Figure 5.

The R927 Residue Adjacent to Four Polymorphic Sites Keeps Sw-5b in an Autoinhibited State.

(A) Putative interaction interface between the LRR and NB-ARC domain on the three-dimensional homology structure of Sw-5b NB-ARC-LRR is shown in the red box. NB (blue), ARC1 (cyan), ARC2 (green), LRR (amino acid residue 873–1246; orange) are subdomains of Sw-5b NB-ARC-LRR. The enlarged red boxed on the right shows that amino acid R927 and Y953 in the LRR and E538 in the NB can form a putative contact site.

(B) The R927A (YFP-NB-ARC-LRR^R927) but not the Y953A (YFP-NB-ARC-LRR^Y953) mutant results in cell death in the absence of NSm²¹ in leaves of N. benthamiana plants. Expression of R927A and Y953A induces cell death in the presence of NSm²¹. The right panels show the accumulation of proteins using an anti-YFP antibody. The sizes of proteins in kilodaltons are shown to the right of the blot. Asterisk represents the nonspecific band. Ponceau S staining was used to show protein loading.

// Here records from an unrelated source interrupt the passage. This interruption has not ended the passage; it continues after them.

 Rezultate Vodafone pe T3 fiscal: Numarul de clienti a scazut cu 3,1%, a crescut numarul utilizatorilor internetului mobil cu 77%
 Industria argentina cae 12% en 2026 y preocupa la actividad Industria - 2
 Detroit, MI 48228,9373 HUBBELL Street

(C) The effect of the R927A mutant on the physical interaction between the LRR and NB-ARC domains. Wild-type Sw-5b LRR fused to FLAG tag (FLAG-LRR^WT) or R927A mutant (FLAG-LRR^R927A) was used to immunoprecipitate YFP-NB-ARC. The amount of YFP-NB-ARC precipitated by the wild type or R927A was quantified by ImageQuant software. IP, immunoprecipitation with specific antibody; IB, immunoblot with specific antibody.

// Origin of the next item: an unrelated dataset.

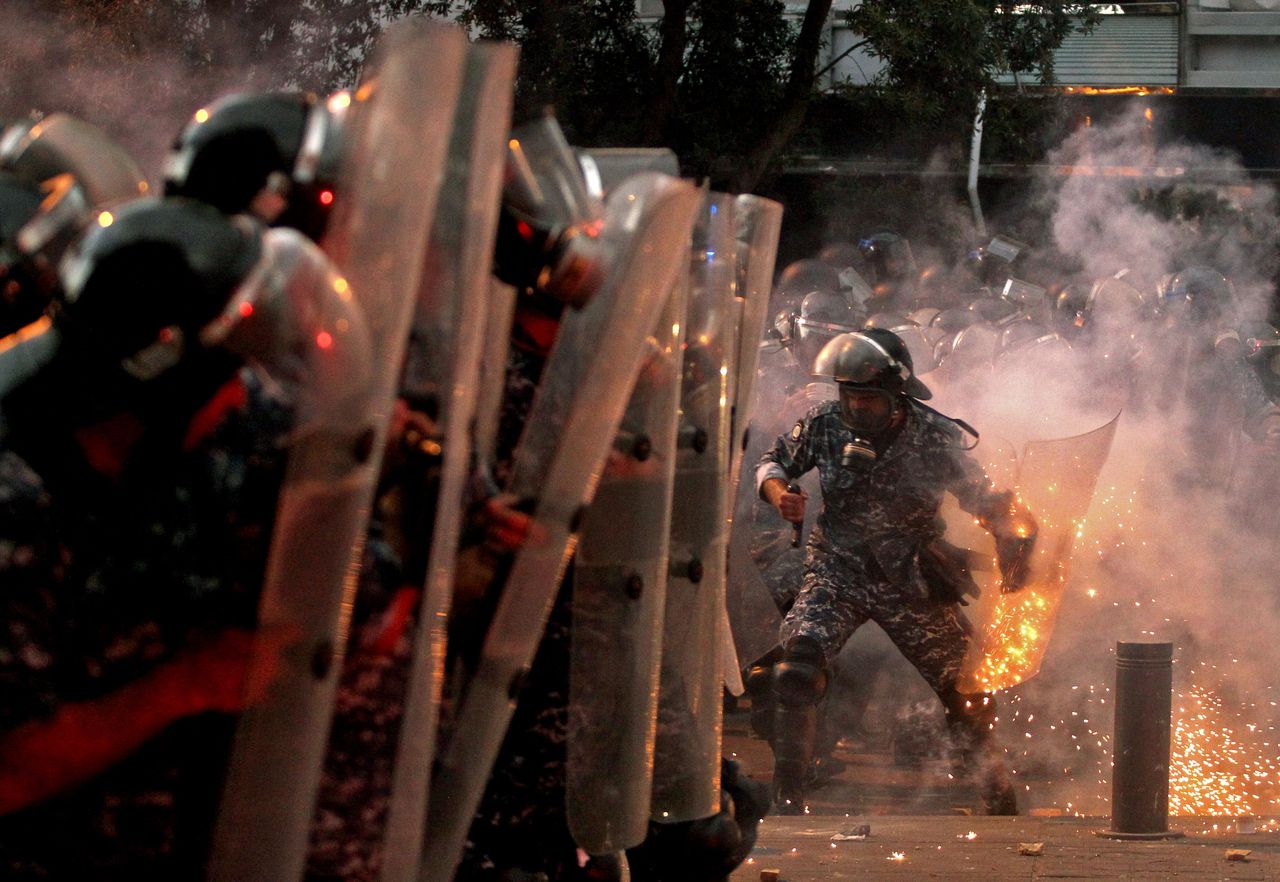 (Photo: Boston Globe via Ibrahim Amro / AFP / Getty Images) Violent security forces and protesters after Beirut blast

(D) Location of R927 residue and the polymorphic sites 3, 4, 5, and 6 on the three-dimensional homology structure of Sw-5b NB-ARC-LRR. The upper panel shows NB-ARC-LRR with the indicated position of the R927 residue and the four polymorphic sites. The ribbon and surface homology structure model of Sw-5b NB-ARC-LRR are shown in the left and right, respectively. The R927 residue is shown in a purple sphere, while the four polymorphic sites are shown as in Figure 4E.